The Deobandi Movement Revisited
February 7, 2013
I first wrote about the Deobandi movement on this blog three and a half years ago. Since that time, Western interest in the Deobandi movement has increased both in the media and among the security community. I thought it might be helpful if I offered an updated version of that original post.
The Deobandi movement has evolved out of a Sunni reformist tradition. It began in the Indian subcontinent, but it’s political expression and ideology were co-opted by Pakistan’s Jamiyyat-i-Ulama-i-Islam (JUI). The JUI are a religious party with a strict, militant, anti-West, and anti-American culture. The JUI also denounce anyone who is non-Muslim. The JUI trained many members of the Taliban in their madrasas (seminaries). These schools were first set up for Afghan refugees in the Pashtun heavy areas of Pakistan during the Afghan-Soviet war.
The Deobandi movement is named for the originating Madrasa established in the town of Deoband in northern India in 1867. This school soon became the model for madrasas established all over Southern Asia. Thousands of Deobandi madrasas now exist in India and Pakistan. And out of all the sectarian orientations in South Asia, those associated with Deobandi have been the most intellectually dynamic and politically the most significant.
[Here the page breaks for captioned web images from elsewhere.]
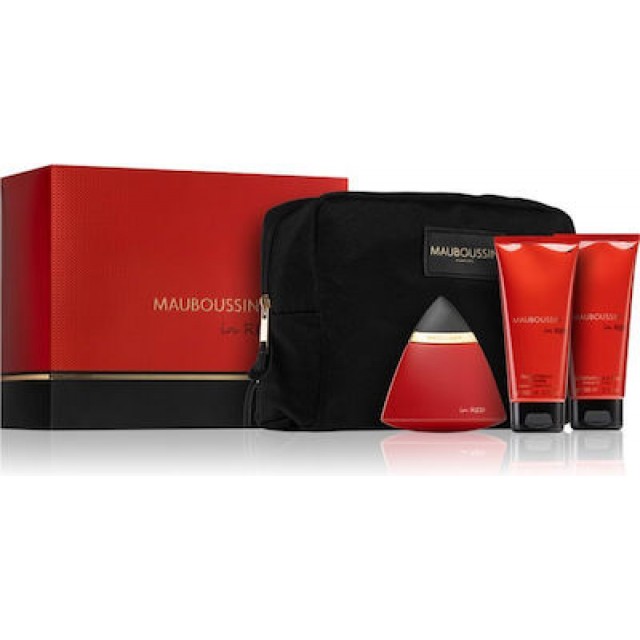 MAUBOUSSIN Mauboussin In Red SET: EDP 100ml + body lotion 100ml + shower gel 100ml + pouch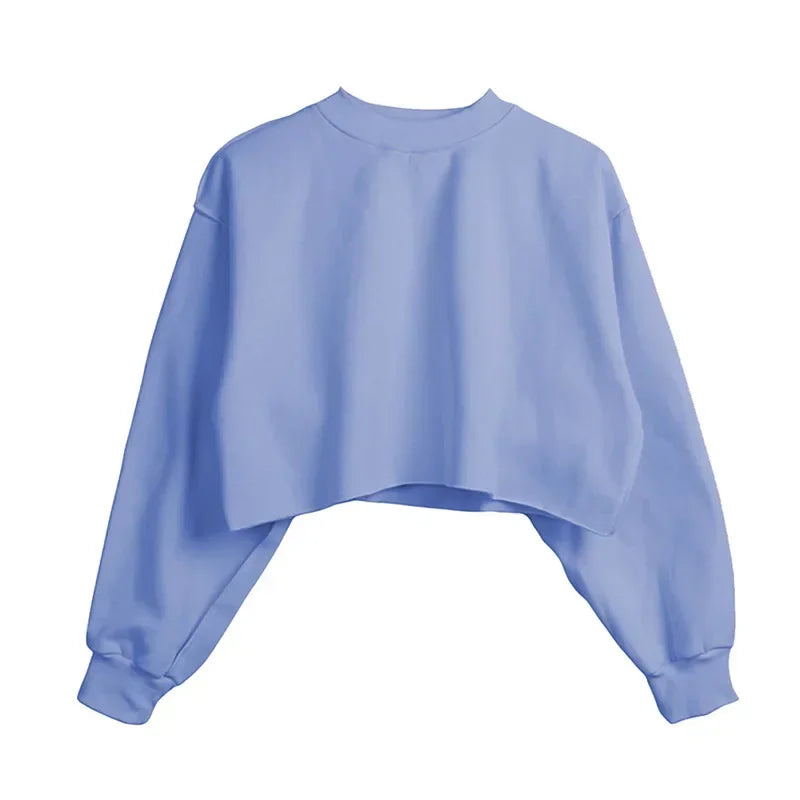 Women Casual Long Sleeve Short Sweatshirts Pullovers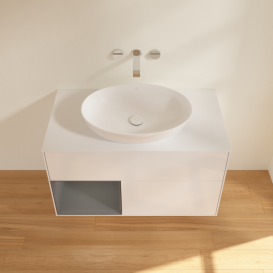 Тумба под раковину Villeroy & Boch Finion 100х50,1 см с подсветкой МДФ глянцевый белый лак/стекло белое матовое FA11GKGF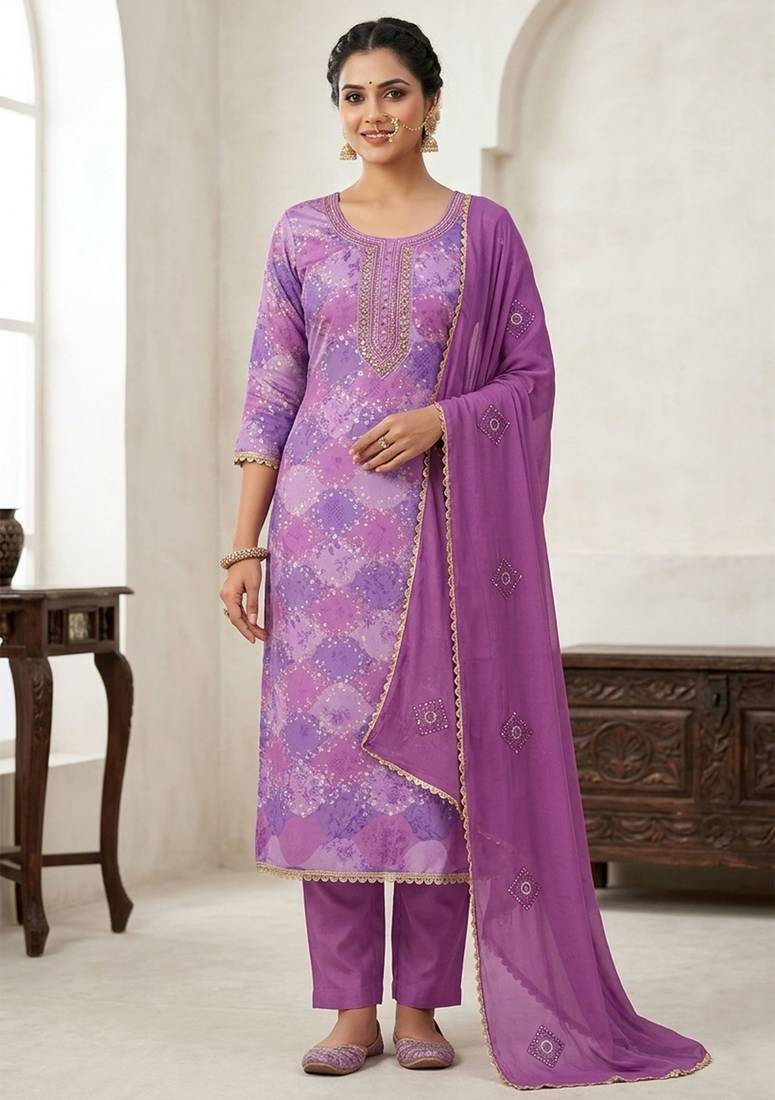 Lavender color maslin fabric stylish partywear salwar kameez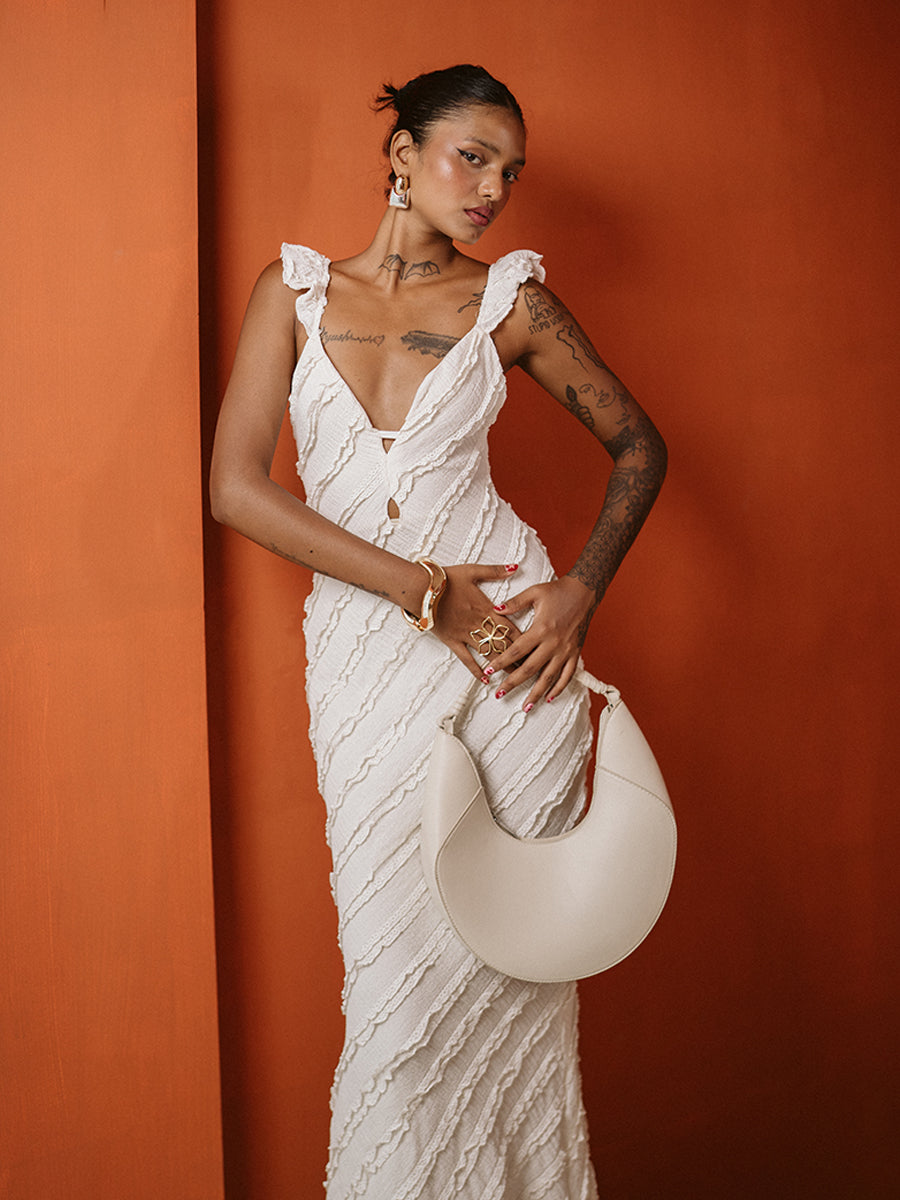 White Body Con Maxi Dress
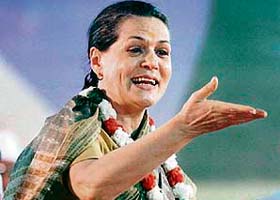 A harried Sonia Gandhi appeals to party workers to maintain peace in Mumbai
The majority of significant commentaries produced by Deobandi intellectuals have focused on hadith. A hadith is an oral story related to the prophet Muhammad and his customs. Hadith are understood as being important devices in deciding proper Muslim living. And it is important to stress that hadith are attributed to Muhammad as opposed to the Qur’an. Therefore, it is understood by Muslims that hadith are the words of Muhammad and not the word of God. The Sunni cannon of hadith is called the ‘Six major Hadith collections.’
Deobandi-scholarship on hadith has encouraged reconsideration of earlier religious positions. Among the goals of the Deobandi brand is the defense and preservation of Sunni norms and law. Defensive arguments within Deobandi, sometimes referred to as jihad, are often accompanied by an unusual degree of openness to departures from past hadith analysis. These departures include a call for a more rigid conservatism while promoting a militant vision and culture unheard-of in classical Islam.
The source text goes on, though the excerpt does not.